[Intel-gfx] [PATCH] drm/i915/gt: Use the local HWSP offset during submission
Mika Kuoppala
mika.kuoppala at linux.intel.com
Fri Oct 23 11:25:08 UTC 2020
Chris Wilson <chris at chris-wilson.co.uk> writes:
> We wrap the timeline on construction of the next request, but there may
> still be requests in flight that have not yet finalized the breadcrumb.
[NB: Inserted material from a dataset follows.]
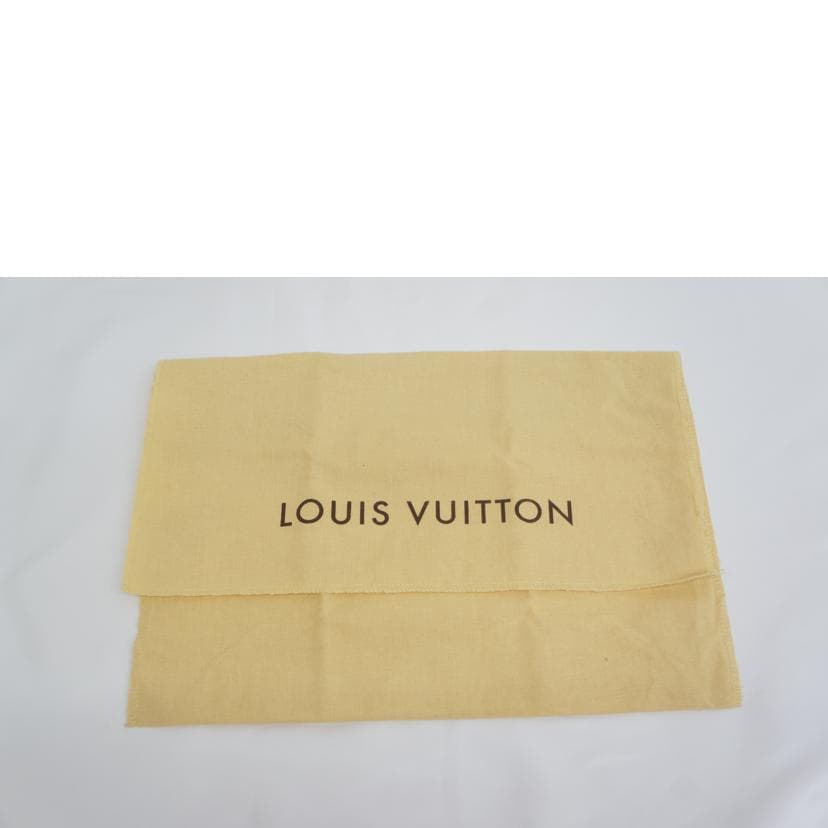 LOUIS VUITTON Louis Vuitton Amazon Monogram M45236 TH1*** A Rank 05Used M45236 7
> (The breadcrumb is delayed as we need engine-local offsets, and for the
> virtual engine that is not known until execution.) As such, by the time
> we write to the timeline's HWSP offset it may have changed, and we
> should use the value we preserved in the request instead.
>
> Though the window is small and infrequent (at full flow we can expect a
> timeline's seqno to wrap once every 30 minutes), the impact of writing
> the old seqno into the new HWSP is severe: the old requests are never
> completed, and the new requests are completed before they are even
> submitted.
>
> Fixes: ebece7539242 ("drm/i915: Keep timeline HWSP allocated until idle across the system")
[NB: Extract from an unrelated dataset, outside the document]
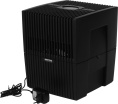 Мойка воздуха Venta Comfort plus LW15,  черный [lw15 comfort plus schwarz]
> Signed-off-by: Chris Wilson <chris at chris-wilson.co.uk>
> Cc: Tvrtko Ursulin <tvrtko.ursulin at intel.com>
> Cc: Joonas Lahtinen <joonas.lahtinen at linux.intel.com>
> Cc: <stable at vger.kernel.org> # v5.2+
> ---
> drivers/gpu/drm/i915/gt/intel_lrc.c | 27 +++++++++++++------
> drivers/gpu/drm/i915/gt/intel_timeline.c | 18 +++++++------
> .../gpu/drm/i915/gt/intel_timeline_types.h | 2 ++
> 3 files changed, 31 insertions(+), 16 deletions(-)
>
> diff --git a/drivers/gpu/drm/i915/gt/intel_lrc.c b/drivers/gpu/drm/i915/gt/intel_lrc.c
> index c22d47cc6701..d0be98b67138 100644
> --- a/drivers/gpu/drm/i915/gt/intel_lrc.c
> +++ b/drivers/gpu/drm/i915/gt/intel_lrc.c
> @@ -3597,6 +3597,19 @@ static const struct intel_context_ops execlists_context_ops = {
> .destroy = execlists_context_destroy,
> };
>
> +static u32 hwsp_offset(const struct i915_request *rq)
> +{
> + const struct intel_timeline_cacheline *cl;
> +
> + /* Before the request is executed, the timeline/cachline is fixed */
s/cachline/cacheline
Reviewed-by: Mika Kuoppala <mika.kuoppala at linux.intel.com>
> +
> + cl = rcu_dereference_protected(rq->hwsp_cacheline, 1);
> + if (cl)
> + return cl->ggtt_offset;
> +
> + return rcu_dereference_protected(rq->timeline, 1)->hwsp_offset;
> +}
> +
> static int gen8_emit_init_breadcrumb(struct i915_request *rq)
> {
> u32 *cs;
> @@ -3619,7 +3632,7 @@ static int gen8_emit_init_breadcrumb(struct i915_request *rq)
> *cs++ = MI_NOOP;
>
> *cs++ = MI_STORE_DWORD_IMM_GEN4 | MI_USE_GGTT;
> - *cs++ = i915_request_timeline(rq)->hwsp_offset;
> + *cs++ = hwsp_offset(rq);
> *cs++ = 0;
> *cs++ = rq->fence.seqno - 1;
>
> @@ -4939,11 +4952,9 @@ gen8_emit_fini_breadcrumb_tail(struct i915_request *request, u32 *cs)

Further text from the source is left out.